Continuing my musical autobiography …
You’d have thought going to University, suitcase and guitar in hand, would have been the perfect springboard for a teenage performing career. For some reason, when I went to Glasgow University at 18, it wasn’t.
I never meant to be here
Partly this was because it was unexpected. I hadn’t intended this at all. In sixth year I’d applied for four art schools, my heart set on becoming an artist for Marvel Comics (at a time when Marvel was on nobody else’s radar, certainly not the general public’s). Unfortunately assessment boards at all four had this strange notion that to study art I should be able to display at least some rudimentary skill in drawing something other than muscular men in capes beating seven shades of shit out of each other in the sky. Reader, I couldn’t.
Thus it was that I started History of Fine Art at Glasgow University, and jumped in my first week from that to Principles of Religion (studying Judaism, Christianity, Hinduism, Islam and Buddhism). While my roommate Alan immediately started playing bass in a pub band and getting paid for it, I was disoriented and dittered around various folk clubs and the odd jam session but didn’t find anyone inspiring to work with until the end of my second year.
Browsing the University student societies, I joined a group of ex (and not-so-ex) hippies called something like Society for Spiritual and Psychological Research or SPIRIT. The idea was to invite all sorts of spiritual groups to the basement meeting room and either partake of their wisdom or give them a rationalist grilling, whatever felt right on the night. I can recall a few of those nights. The Baha’i Faith brought excellent food. The Hare Krishnas were quite mind-altering but there was no doubt that the cause was the ear-splitting insistence of their finger-cymbals in a small, echoey basement. We had a session with basins and hot water where we simply washed each other’s feet (after the Biblical tradition) which, after the initial giggling subsided, became a tender and heartwarming experience. The group soon lost direction and motivation until I invited a Sufi teacher whom I’d met in Edinburgh and we happily became his Glasgow offshoot until the end of the year. He went on to set up the Salisbury Centre in Edinburgh while SPIRIT became no more than a strange memory.

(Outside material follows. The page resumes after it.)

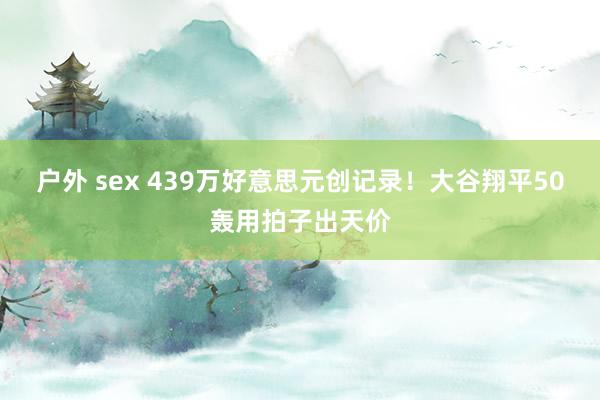 户外 sex 439万好意思元创记录！大谷翔平50轰用拍子出天价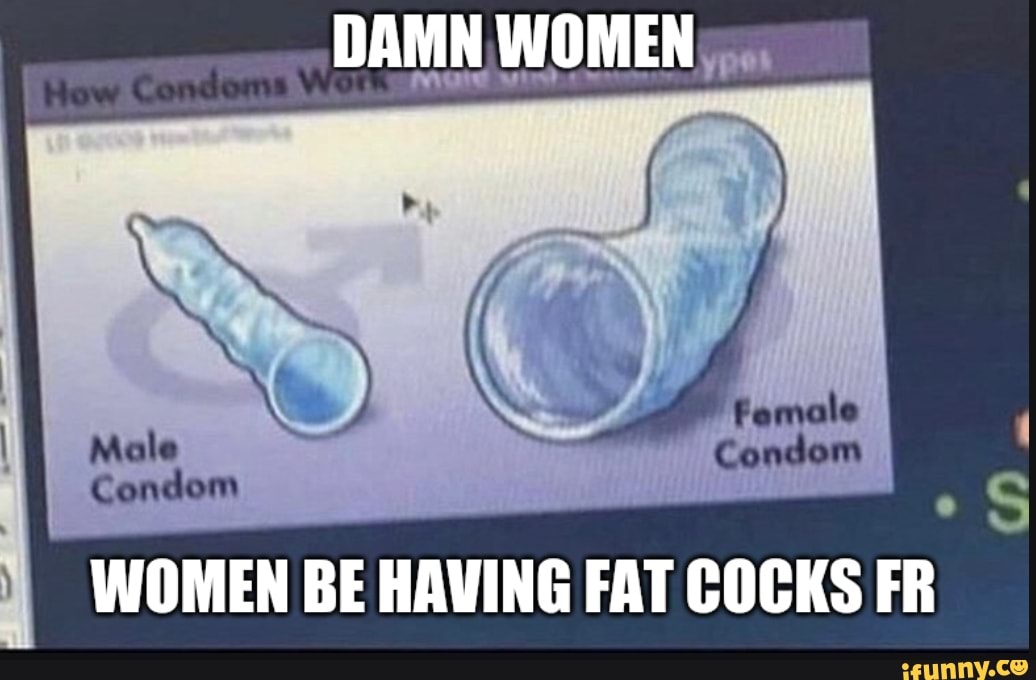 WOMEN BE HAVING FAT COCKS FR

Alan drew to my attention a handwritten ad in some music shop saying ‘musicians wanted for a band’. We went along to a basement flat just off Byres Road and met Dave Christopher, a former music student who now wanted to create a folk-rock band. Discovering a mutual love of the Incredible String Band, we hit it off. When he played me his songs, though, I was stunned. They weren’t in the ISB space, nor in any strum-along-three-chords space I’d occupied before. Melody poured out of Dave effortlessly, the way I imagine it would if you were in a room with Paul McCartney, probably the closest style to Dave. His fingers spidered across the fretboard in ways I couldn’t follow, coaxing melodic basslines, ringing open strings and melodic twists and turns. Of course I had to be in his band.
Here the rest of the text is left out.